Since I lost my Dad, some really awful things have happened. Happened even after I thought my family had endured all that we could. My Mom got cancer and beat it. And then got it again. And, I cried in even more parking lots and elevators and, on occasion, HEB. And then, on another June morning, I lost her too. I’ve sat in an examining room and had my doctor, with her kind eyes and high- lighted hair, tell me I had Lupus. I’ve buried friends and been helpless as I’ve watched others live through hell. I’ve watched the news and read Facebook and anguished at how we all hurt each other. I’ve had to watch young people I love find really spectacular ways to hurt themselves and their future. Divorce and affairs and drugs. Miscarriages, abortions, floods and heartache. The world is a scary, sad place sometimes, but, through it all, I have this little flicker of peace. A small place that says no matter what God loves me.
No matter what I do. No matter what the President does or who the President is. No matter what my bank account says. No matter illness or heartbreak or loss. God loves me.

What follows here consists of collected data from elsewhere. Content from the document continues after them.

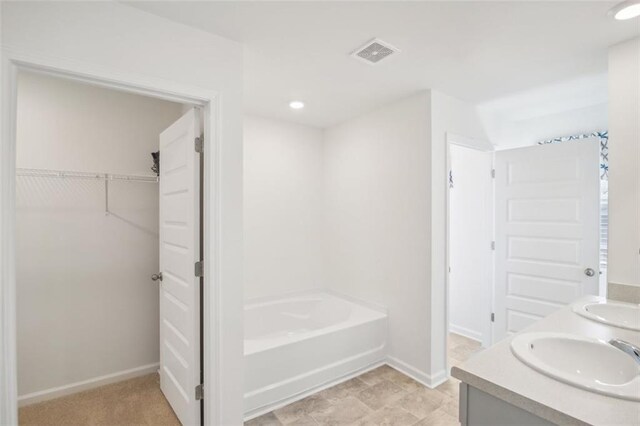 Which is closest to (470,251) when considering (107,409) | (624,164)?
(624,164)

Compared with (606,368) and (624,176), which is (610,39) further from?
(606,368)

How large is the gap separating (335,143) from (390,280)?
1.68 metres

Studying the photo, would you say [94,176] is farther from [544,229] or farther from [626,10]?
[544,229]

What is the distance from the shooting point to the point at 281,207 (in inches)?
→ 139

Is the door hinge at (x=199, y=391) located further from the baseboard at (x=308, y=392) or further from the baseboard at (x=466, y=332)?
the baseboard at (x=466, y=332)

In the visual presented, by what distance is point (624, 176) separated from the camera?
1838 millimetres

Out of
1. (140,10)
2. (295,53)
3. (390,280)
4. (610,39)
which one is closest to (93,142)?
(140,10)

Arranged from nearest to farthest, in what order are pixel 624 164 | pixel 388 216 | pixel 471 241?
1. pixel 624 164
2. pixel 388 216
3. pixel 471 241

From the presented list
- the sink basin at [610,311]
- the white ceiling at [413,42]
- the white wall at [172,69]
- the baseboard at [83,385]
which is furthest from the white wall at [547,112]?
the baseboard at [83,385]

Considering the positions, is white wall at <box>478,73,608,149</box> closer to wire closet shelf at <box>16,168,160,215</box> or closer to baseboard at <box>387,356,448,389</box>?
baseboard at <box>387,356,448,389</box>

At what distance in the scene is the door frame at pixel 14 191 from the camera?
129 cm

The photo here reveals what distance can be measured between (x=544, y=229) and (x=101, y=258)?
12.8ft

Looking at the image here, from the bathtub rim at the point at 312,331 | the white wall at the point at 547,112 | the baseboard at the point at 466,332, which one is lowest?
the baseboard at the point at 466,332

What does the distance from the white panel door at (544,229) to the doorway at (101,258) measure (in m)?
2.94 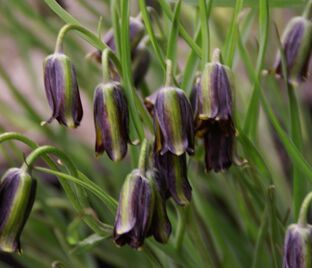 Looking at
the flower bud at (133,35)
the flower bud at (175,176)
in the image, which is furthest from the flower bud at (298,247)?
the flower bud at (133,35)

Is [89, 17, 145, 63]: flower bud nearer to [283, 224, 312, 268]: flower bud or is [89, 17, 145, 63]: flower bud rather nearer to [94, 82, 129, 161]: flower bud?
[94, 82, 129, 161]: flower bud

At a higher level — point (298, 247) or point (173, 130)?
point (173, 130)

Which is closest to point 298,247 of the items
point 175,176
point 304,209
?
point 304,209

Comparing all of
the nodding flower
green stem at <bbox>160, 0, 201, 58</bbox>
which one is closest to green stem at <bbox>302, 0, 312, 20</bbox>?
the nodding flower

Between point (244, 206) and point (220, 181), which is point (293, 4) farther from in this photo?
point (220, 181)

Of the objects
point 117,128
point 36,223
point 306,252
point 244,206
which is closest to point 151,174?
point 117,128

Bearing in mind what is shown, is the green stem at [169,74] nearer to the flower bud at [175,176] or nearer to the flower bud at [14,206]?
Result: the flower bud at [175,176]

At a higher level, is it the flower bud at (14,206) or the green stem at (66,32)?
the green stem at (66,32)

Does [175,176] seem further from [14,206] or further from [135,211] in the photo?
[14,206] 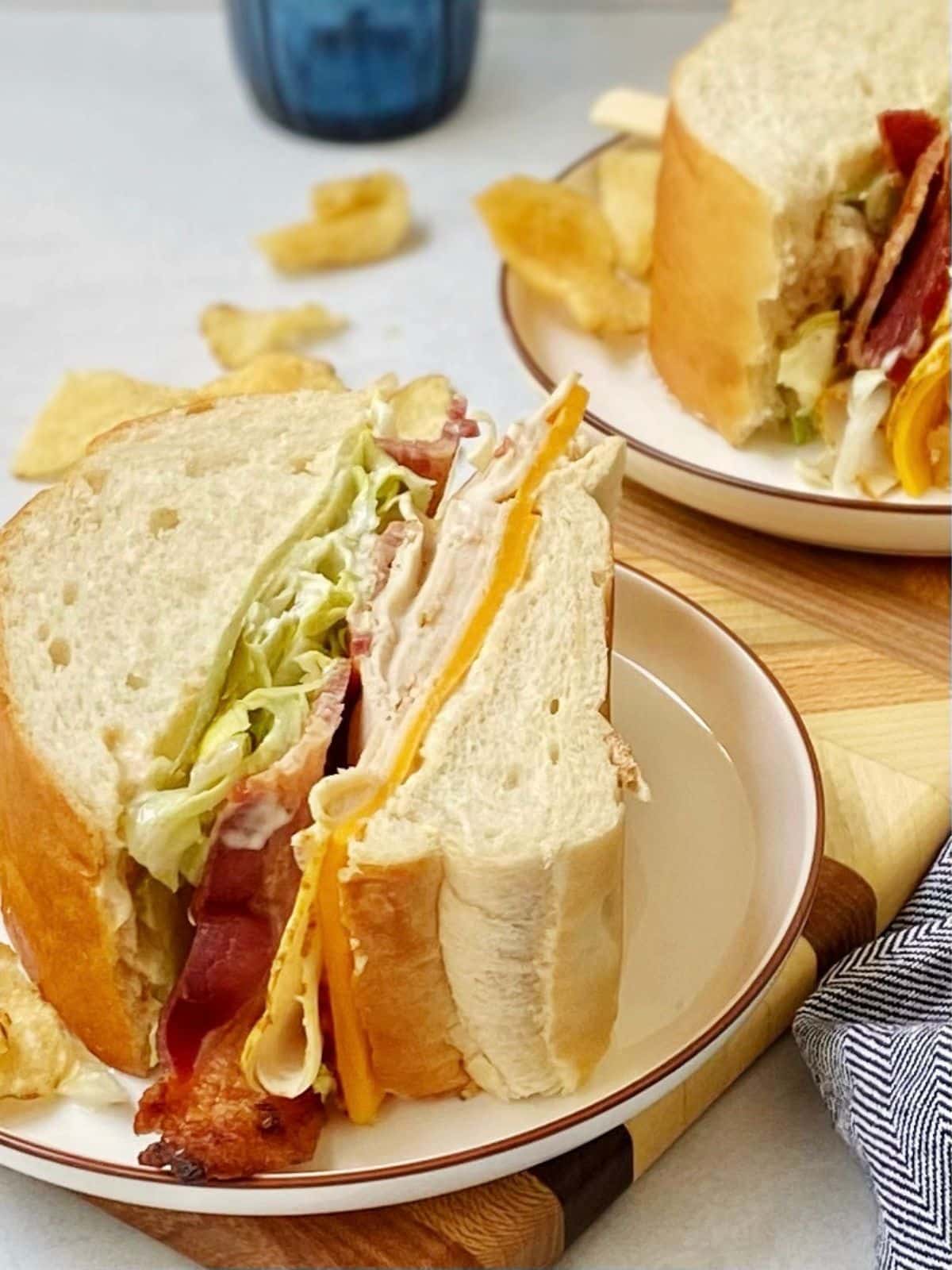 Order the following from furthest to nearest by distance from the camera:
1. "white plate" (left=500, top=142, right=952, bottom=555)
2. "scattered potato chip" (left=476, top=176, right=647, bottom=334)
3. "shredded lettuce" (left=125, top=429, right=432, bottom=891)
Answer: "scattered potato chip" (left=476, top=176, right=647, bottom=334) < "white plate" (left=500, top=142, right=952, bottom=555) < "shredded lettuce" (left=125, top=429, right=432, bottom=891)

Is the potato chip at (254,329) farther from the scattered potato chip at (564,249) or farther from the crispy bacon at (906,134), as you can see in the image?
the crispy bacon at (906,134)

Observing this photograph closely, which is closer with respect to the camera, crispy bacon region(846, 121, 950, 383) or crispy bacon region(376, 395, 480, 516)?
crispy bacon region(376, 395, 480, 516)

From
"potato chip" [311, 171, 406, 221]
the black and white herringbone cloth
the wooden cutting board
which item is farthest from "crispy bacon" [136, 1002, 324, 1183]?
"potato chip" [311, 171, 406, 221]

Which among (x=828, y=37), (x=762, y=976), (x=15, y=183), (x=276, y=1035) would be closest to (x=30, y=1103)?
A: (x=276, y=1035)

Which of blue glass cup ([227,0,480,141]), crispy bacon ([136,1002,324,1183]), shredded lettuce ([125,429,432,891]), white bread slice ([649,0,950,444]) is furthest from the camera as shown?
blue glass cup ([227,0,480,141])

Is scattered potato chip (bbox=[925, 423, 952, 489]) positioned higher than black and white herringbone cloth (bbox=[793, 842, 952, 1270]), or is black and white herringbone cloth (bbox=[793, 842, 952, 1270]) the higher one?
scattered potato chip (bbox=[925, 423, 952, 489])

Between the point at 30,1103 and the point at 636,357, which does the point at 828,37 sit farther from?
the point at 30,1103

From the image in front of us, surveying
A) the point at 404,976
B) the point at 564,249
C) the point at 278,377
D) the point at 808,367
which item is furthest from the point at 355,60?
the point at 404,976

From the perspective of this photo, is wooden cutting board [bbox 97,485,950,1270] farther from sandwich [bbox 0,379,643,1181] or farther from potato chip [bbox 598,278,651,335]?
potato chip [bbox 598,278,651,335] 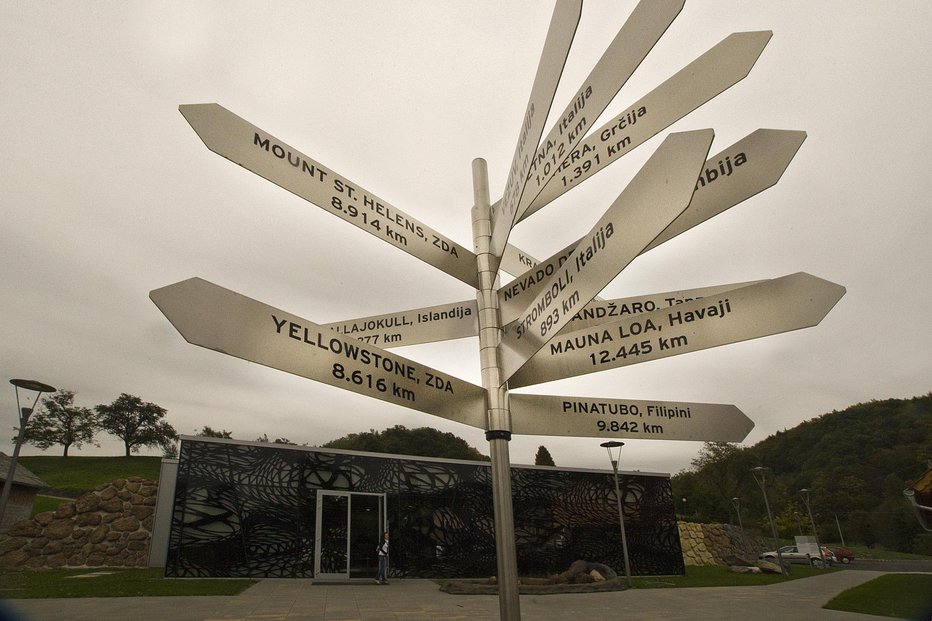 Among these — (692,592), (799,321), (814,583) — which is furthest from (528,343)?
(814,583)

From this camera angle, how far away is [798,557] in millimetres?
29203

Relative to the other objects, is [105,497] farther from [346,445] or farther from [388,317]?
[346,445]

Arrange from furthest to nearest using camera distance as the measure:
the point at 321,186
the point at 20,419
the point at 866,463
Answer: the point at 20,419, the point at 866,463, the point at 321,186

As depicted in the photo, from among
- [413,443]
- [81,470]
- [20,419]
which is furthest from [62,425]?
[20,419]

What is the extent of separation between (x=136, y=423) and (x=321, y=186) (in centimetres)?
6401

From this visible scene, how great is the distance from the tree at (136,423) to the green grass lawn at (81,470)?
201cm

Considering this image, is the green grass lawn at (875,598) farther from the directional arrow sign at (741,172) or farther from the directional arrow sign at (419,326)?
the directional arrow sign at (419,326)

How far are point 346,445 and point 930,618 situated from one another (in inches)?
1960

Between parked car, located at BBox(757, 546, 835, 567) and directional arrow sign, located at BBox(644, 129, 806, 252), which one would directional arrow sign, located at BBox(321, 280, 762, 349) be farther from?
parked car, located at BBox(757, 546, 835, 567)

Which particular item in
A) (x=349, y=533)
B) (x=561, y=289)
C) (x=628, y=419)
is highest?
(x=561, y=289)

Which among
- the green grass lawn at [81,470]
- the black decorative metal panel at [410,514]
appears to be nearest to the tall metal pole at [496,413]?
the black decorative metal panel at [410,514]

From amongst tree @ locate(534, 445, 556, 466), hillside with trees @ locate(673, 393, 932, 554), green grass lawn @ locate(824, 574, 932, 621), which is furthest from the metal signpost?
tree @ locate(534, 445, 556, 466)

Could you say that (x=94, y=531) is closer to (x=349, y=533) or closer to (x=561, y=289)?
(x=349, y=533)

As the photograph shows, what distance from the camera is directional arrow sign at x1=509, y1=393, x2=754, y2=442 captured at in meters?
2.19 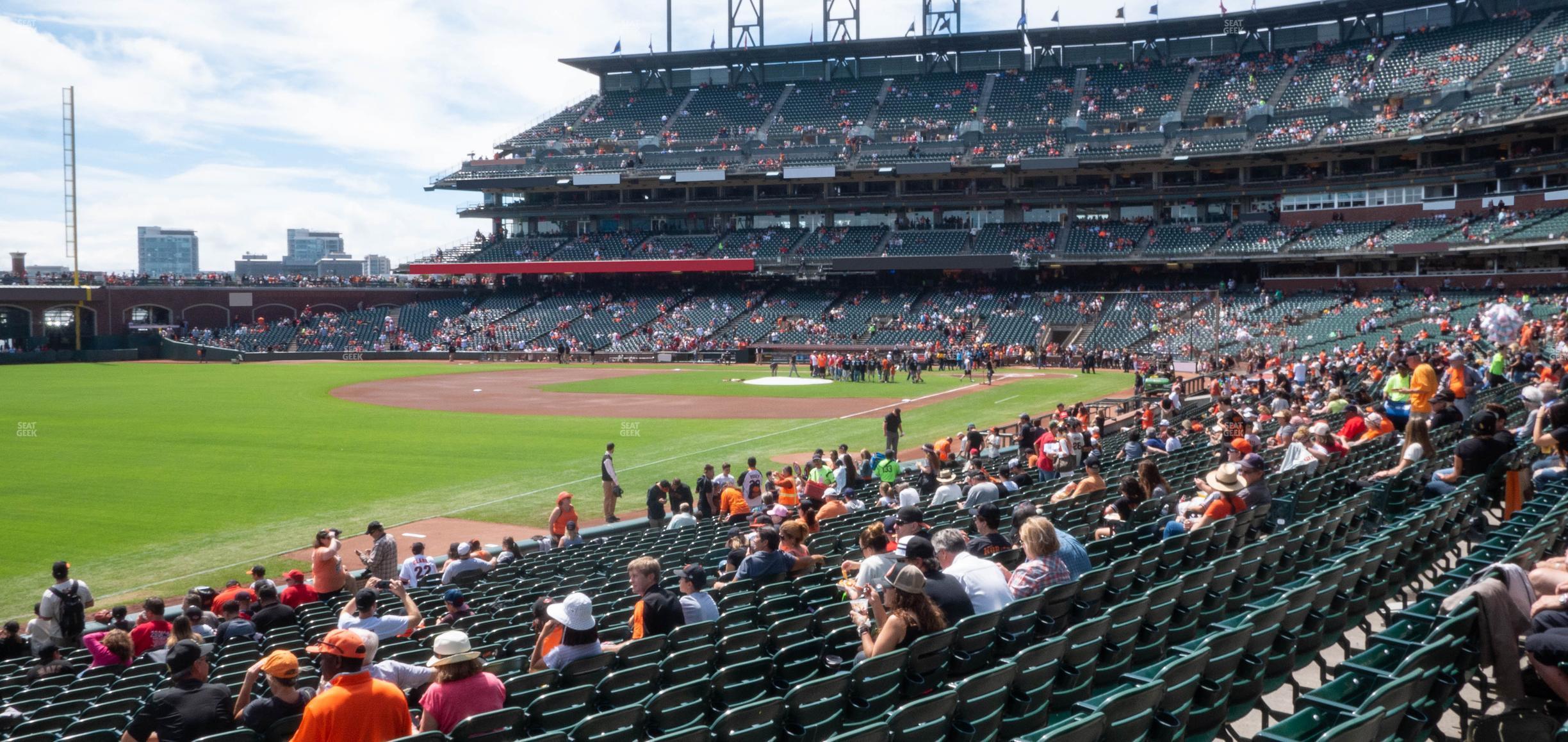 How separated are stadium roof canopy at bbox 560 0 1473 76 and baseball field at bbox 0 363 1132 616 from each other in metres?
33.8

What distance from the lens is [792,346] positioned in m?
69.1

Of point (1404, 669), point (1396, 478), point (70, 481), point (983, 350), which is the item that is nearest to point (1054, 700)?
point (1404, 669)

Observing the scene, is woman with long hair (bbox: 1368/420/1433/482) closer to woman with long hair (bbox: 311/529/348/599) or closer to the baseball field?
woman with long hair (bbox: 311/529/348/599)

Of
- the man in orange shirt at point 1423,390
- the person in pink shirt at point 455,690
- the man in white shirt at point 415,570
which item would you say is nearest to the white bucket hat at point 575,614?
the person in pink shirt at point 455,690

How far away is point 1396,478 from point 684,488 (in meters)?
12.2

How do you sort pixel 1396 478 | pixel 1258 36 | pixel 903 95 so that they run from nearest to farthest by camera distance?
1. pixel 1396 478
2. pixel 1258 36
3. pixel 903 95

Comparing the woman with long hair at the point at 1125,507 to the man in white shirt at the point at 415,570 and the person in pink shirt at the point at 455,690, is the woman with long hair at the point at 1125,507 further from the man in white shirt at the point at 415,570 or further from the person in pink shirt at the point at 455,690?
the man in white shirt at the point at 415,570

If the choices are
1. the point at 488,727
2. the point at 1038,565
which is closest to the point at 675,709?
the point at 488,727

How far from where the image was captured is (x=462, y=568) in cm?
1450

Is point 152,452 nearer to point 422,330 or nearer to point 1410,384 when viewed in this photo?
point 1410,384

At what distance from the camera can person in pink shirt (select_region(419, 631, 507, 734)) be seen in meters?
6.12

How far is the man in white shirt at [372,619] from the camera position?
8.70m

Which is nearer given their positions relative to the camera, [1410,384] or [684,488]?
[1410,384]

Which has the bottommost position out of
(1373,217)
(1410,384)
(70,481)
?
(70,481) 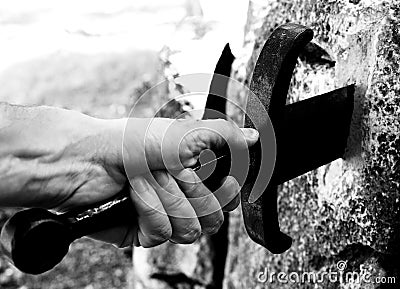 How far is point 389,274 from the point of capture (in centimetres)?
101

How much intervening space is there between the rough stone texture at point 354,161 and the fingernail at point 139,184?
35 centimetres

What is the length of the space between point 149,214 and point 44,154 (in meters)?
0.14

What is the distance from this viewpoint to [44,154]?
2.48 feet

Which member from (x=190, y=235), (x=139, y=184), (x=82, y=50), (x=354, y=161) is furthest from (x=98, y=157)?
(x=82, y=50)

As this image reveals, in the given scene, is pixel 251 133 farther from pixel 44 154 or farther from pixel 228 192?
pixel 44 154

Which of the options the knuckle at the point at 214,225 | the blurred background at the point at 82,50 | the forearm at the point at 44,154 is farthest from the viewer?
the blurred background at the point at 82,50

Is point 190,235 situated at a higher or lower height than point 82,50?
higher

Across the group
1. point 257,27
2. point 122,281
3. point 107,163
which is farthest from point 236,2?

And, the really amazing thing, is that that knowledge is not just for me. It changes who I am. It changes the world. Because God loves me, I am indifferent to no-one. I can’t be. Your pain is my pain. Your problems are my problems. Your sin is my sin. We have to find our way together. We are His beloved. All of us. And, yes, that includes you. He loves you no matter what you have done or what you are doing this morning.
Throw it out there. The biggest, darkest, most awful thing you have ever done and it is no match for God. He can love it all away. All of it. Even if you’ve hated Him for a long time, and filled up little blue journals with page after page of how unfair He is. Even if you’ve never taken one minute to stop and fight with Him or wonder about Him or even question whether He’s real. Literally, no matter what, He loves you.
I’m not saying that it will be easy. That you won’t still have a temper, or a sailor-mouth, or a drug problem, or a boyfriend on the side, but from the moment you enter into a real relationship with God and leave all else behind you will begin on a journey that will change you and the world around you. He won’t leave you where you start. And, for every success you have, you will want more. You will come to crave those moments that you find yourself more like Him and less like you. You will find yourself willingly walking away from everything you used to hold valuable for a closer walk with Him.
Someday, you might even find yourself, in a parking lot dying from a disease that takes you bit by bit, and you will still be talking to your lost daughter about the peace that passeth all understanding. And, she will listen through her tears and hurt and foul language and a seed will be planted. And, because the Lord adores you, it will bear fruit. And the Lord will let her be lost and angry until He finds her and changes everything. Then, the true adventure will start.
And, through it all, that little flame of peace will burn. The peace that passeth all understanding. A precious gift from a Father who adores you and longs for you.